══ Data ══
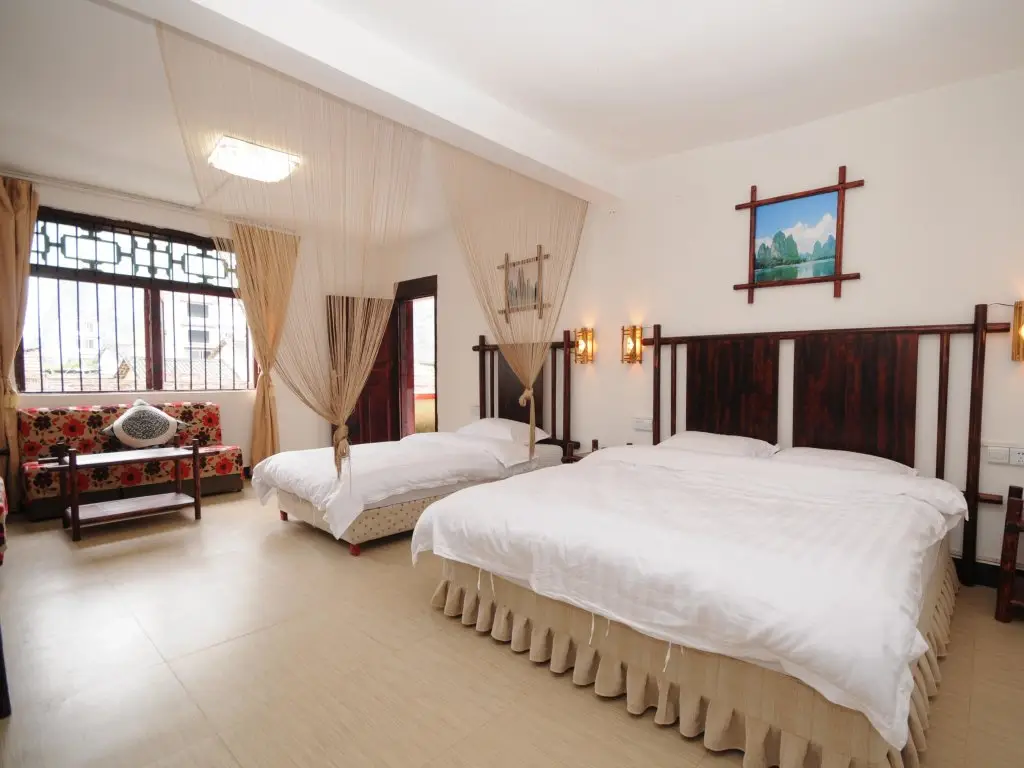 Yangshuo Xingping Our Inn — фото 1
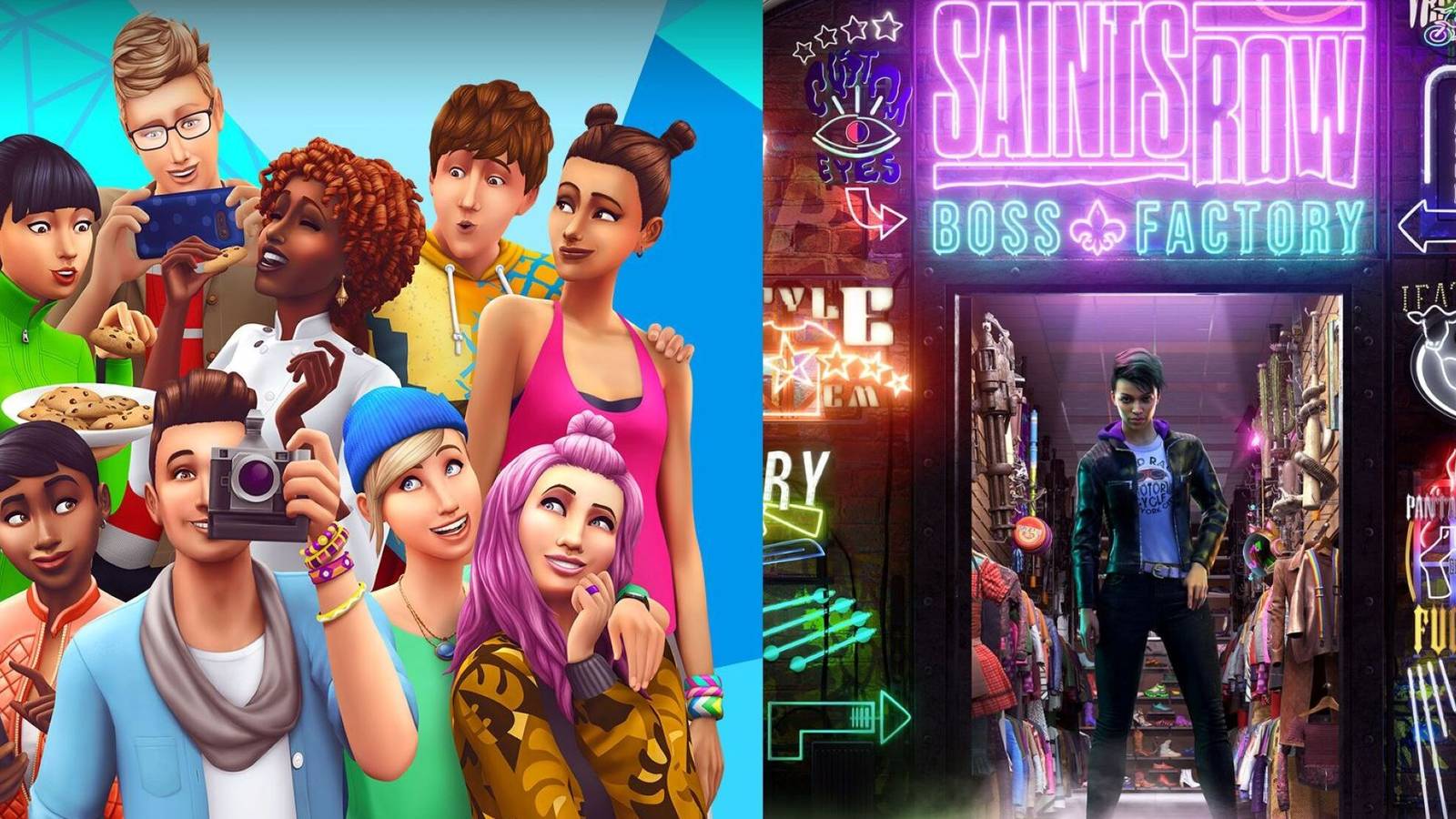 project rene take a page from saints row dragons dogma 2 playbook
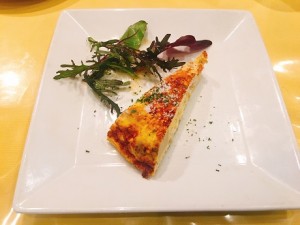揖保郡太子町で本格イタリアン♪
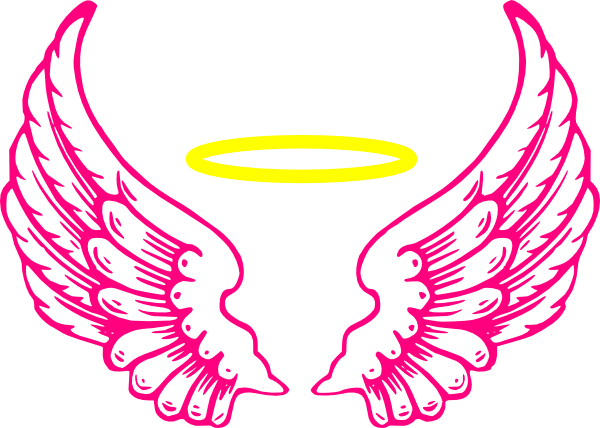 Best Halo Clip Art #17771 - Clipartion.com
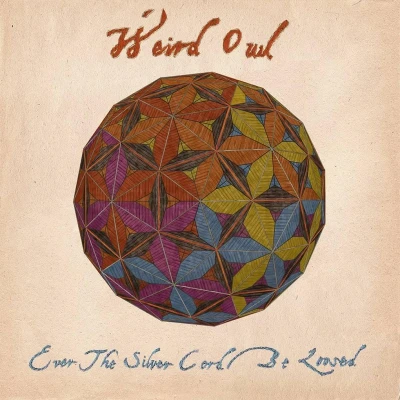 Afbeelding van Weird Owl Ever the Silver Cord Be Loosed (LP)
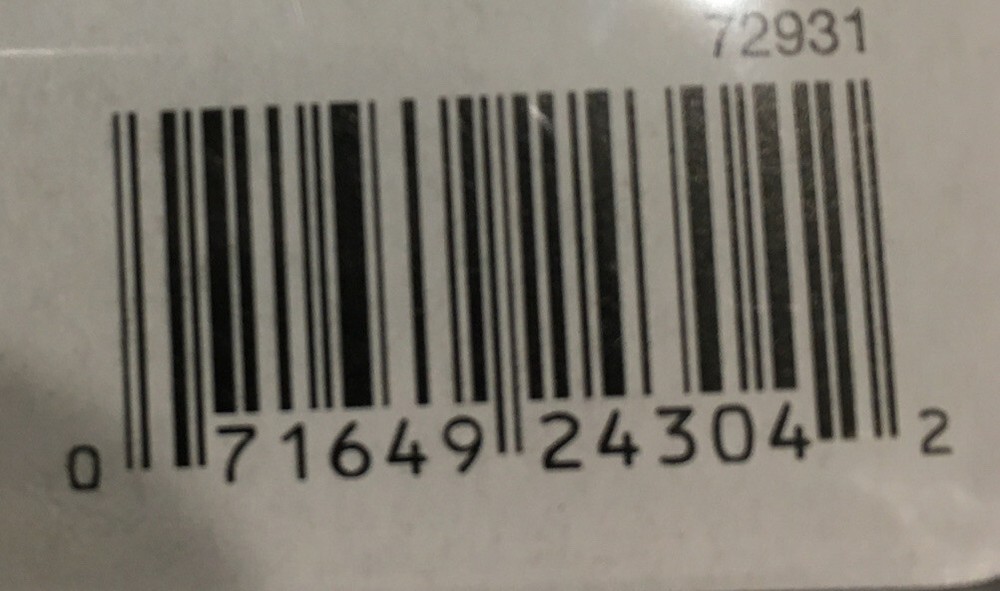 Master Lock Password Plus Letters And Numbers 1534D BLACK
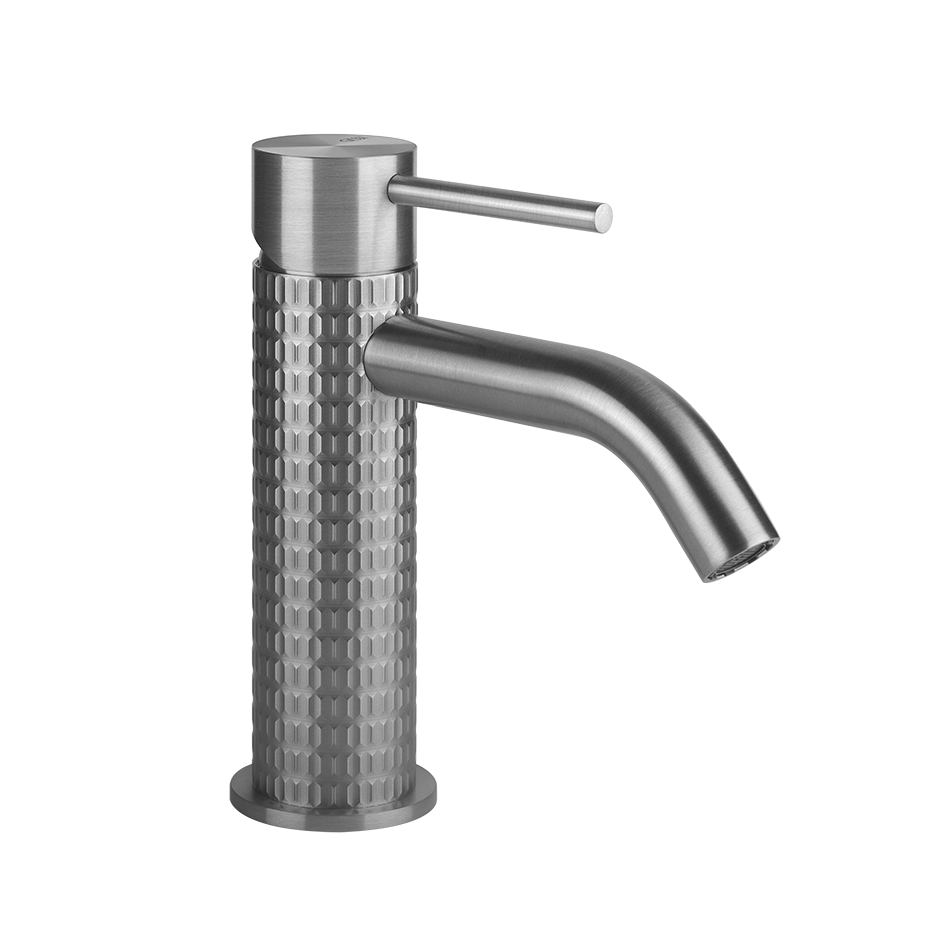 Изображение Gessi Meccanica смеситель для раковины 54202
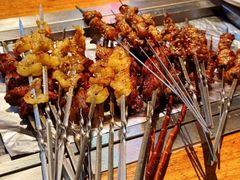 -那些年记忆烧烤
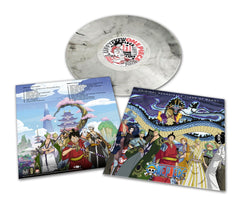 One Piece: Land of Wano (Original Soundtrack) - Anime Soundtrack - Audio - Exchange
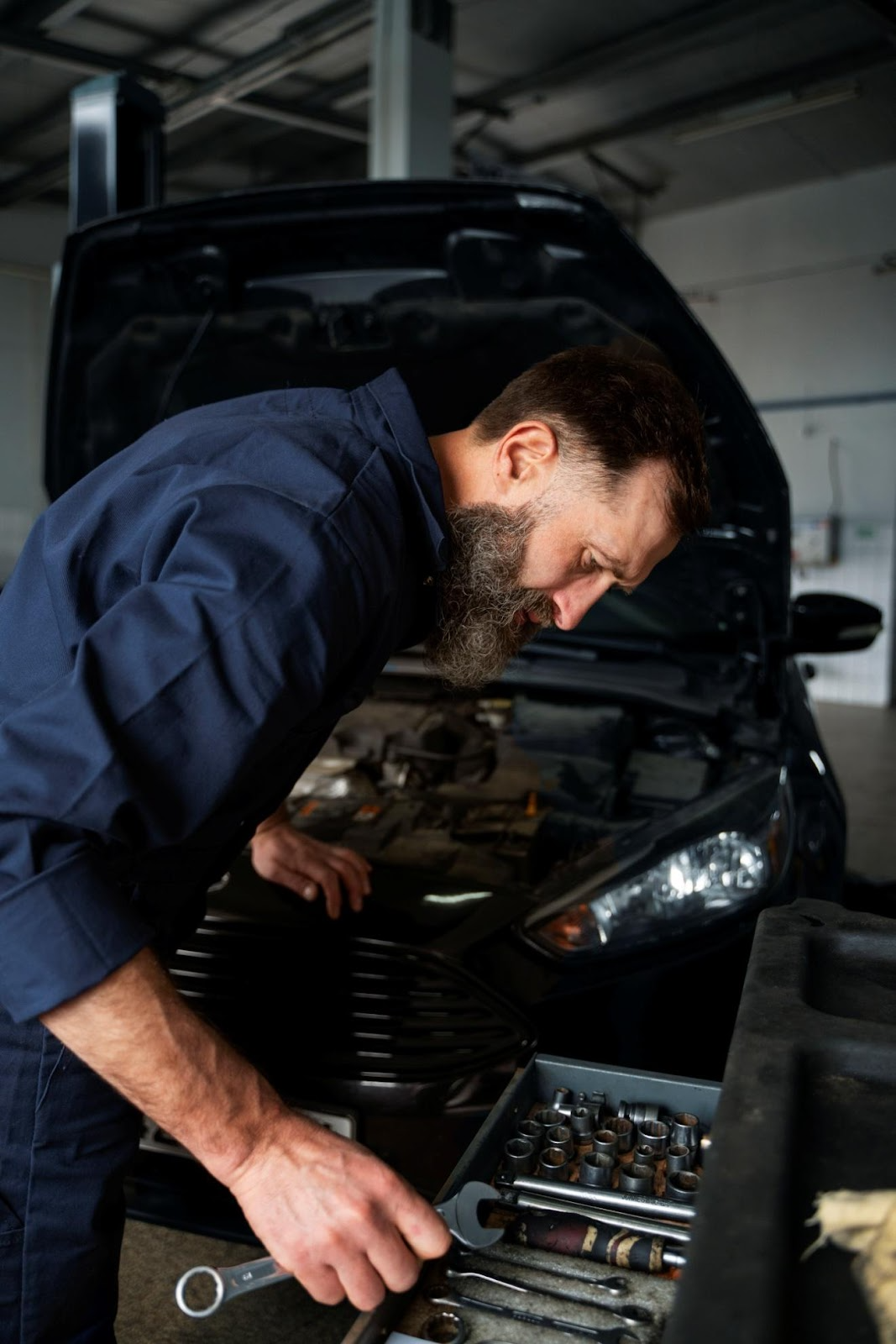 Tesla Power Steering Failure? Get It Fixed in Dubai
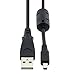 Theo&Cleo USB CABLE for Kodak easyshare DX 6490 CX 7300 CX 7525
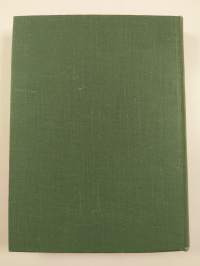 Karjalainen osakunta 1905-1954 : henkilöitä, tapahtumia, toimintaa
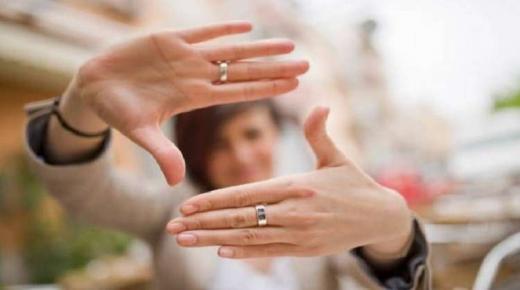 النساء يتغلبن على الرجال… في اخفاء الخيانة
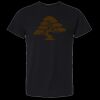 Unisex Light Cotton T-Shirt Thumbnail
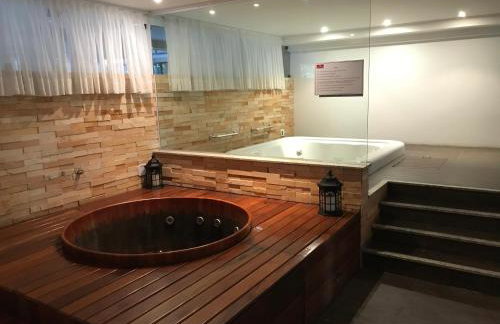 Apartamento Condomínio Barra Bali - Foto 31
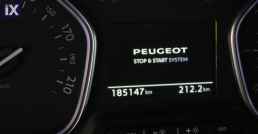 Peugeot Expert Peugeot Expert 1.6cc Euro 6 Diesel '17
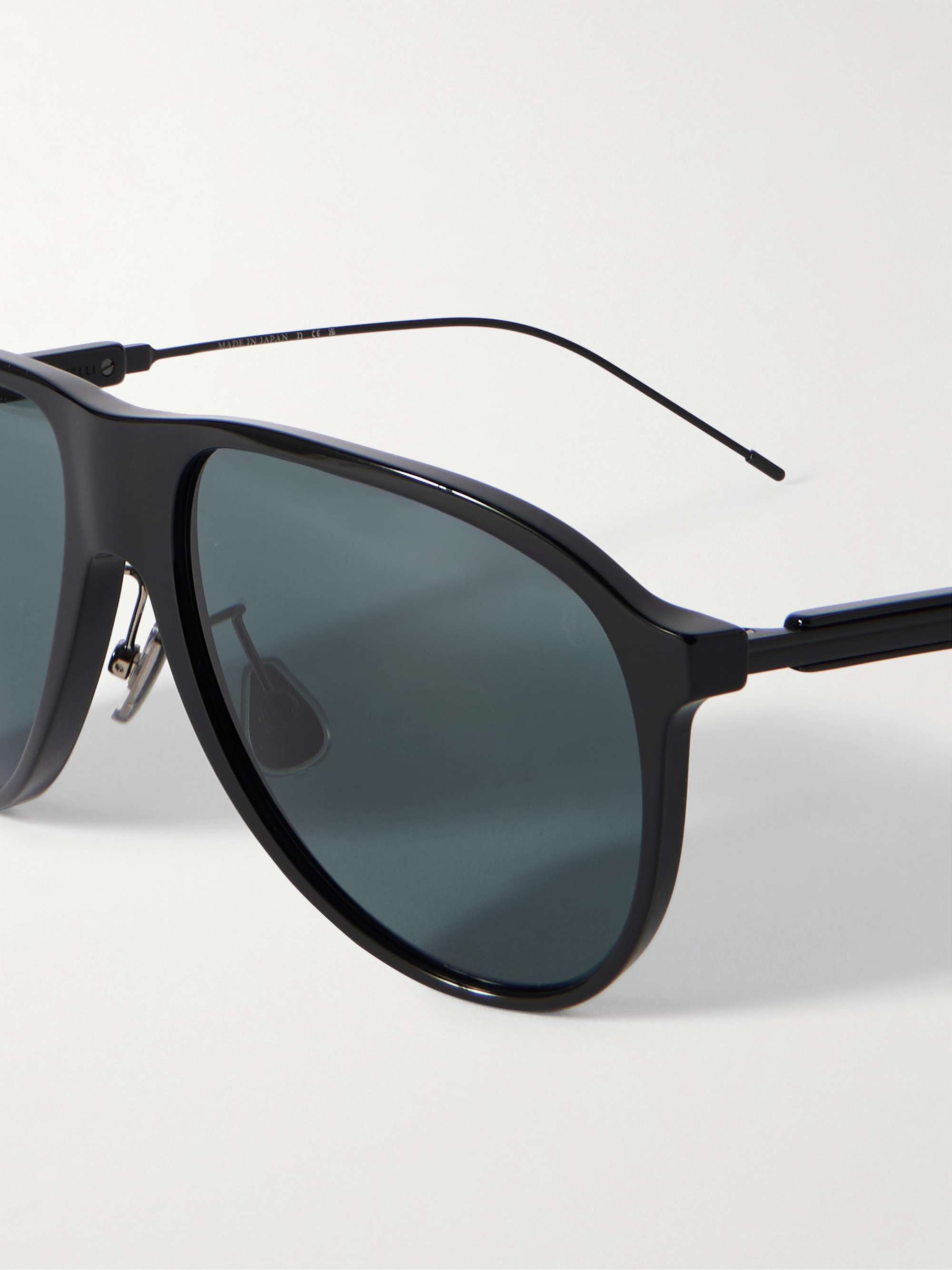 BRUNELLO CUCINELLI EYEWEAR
═══
## [What you should do]
Your copy must start at the line that holds "النساء يتغلبن على الرجال… في اخفاء الخيانة" and end at the last line of the data, both included; it must contain no pictures.

## [Result for this exercise]
 النساء يتغلبن على الرجال… في اخفاء الخيانة
 Unisex Light Cotton T-Shirt Thumbnail
 Apartamento Condomínio Barra Bali - Foto 31
 Peugeot Expert Peugeot Expert 1.6cc Euro 6 Diesel '17
 BRUNELLO CUCINELLI EYEWEAR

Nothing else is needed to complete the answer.